Ask any child what they hope to achieve in later life and there’s a strong chance the answer will be ‘I want to be famous’.
Fame, as everyone knows, is a double-edged sword. It can as easily lead to misery as it can to happiness.
But, for most of us, we’ll never get the chance to find out if that’s really the case.
David Baddiel knows first-hand what it’s like to be famous and all that it entails.
He achieved huge success as a stand-up in the early 1990s along with his comedy partner Rob Newman, before becoming very well-known - by any standards - as the face of the hugely popular ‘Football Fantasy’ BBC series alongside Frank Skinner.
The duo immortalised themselves in modern footballing history - south of the border at least - by co-writing the song ‘Three Lions’ with band the Lightning Seeds to commemorate the 1996 European Championships in England.
In recent years, the 49-year-old Londoner has concentrated less on performing stand-up and more on his successful career as a writer for television, radio and film.
Now he’s back with his first solo stand-up show in 15 years, ‘Fame: Not the Musical’, which is coming to Falkirk Town Hall on Monday, July 29.
He told The Falkirk Herald that the show is a humourous exploration of the different ways he’s been perceived by the public over the years: whether it’s “token Jew, new lad or comedy rock ’n’ roller”.
“When people talk about fame, they either think of it as brilliant, or as absolutely terrible, in a Amy Winehouse or Janis Joplin kind of way,” he said.
“My show goes between that, and looks at the slightly annoying, slightly ridiculous element of it all.
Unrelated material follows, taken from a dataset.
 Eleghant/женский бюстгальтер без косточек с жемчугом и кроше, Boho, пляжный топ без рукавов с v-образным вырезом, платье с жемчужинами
For example being mistaken for someone else, like Andrew Lloyd Webber or Ben Elton.
“I also talk about some of the horrible press I’ve received, which I can laugh about now.
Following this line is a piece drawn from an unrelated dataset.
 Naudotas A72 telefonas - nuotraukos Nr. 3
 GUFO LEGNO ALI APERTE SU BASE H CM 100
“Seventy per cent of fame is blokes in vans shouting things like ‘Alright Dave!’, which I quite enjoy. I still get it all the time. Only this morning I passed some builders, one of them says ‘look it’s that comedian!’ and the other says ‘no it’s not’.”
Baddiel says he’s pleased with the reaction to his return to stand-up, and is looking forward to visiting Falkirk - having already received the thumbs-up from one well-known local.
“Eric Joyce came to see the show in London,” he said.
“He came along with (Sunday Times columnist) India Knight. I told her that was fine - as long as he didn’t kick off.”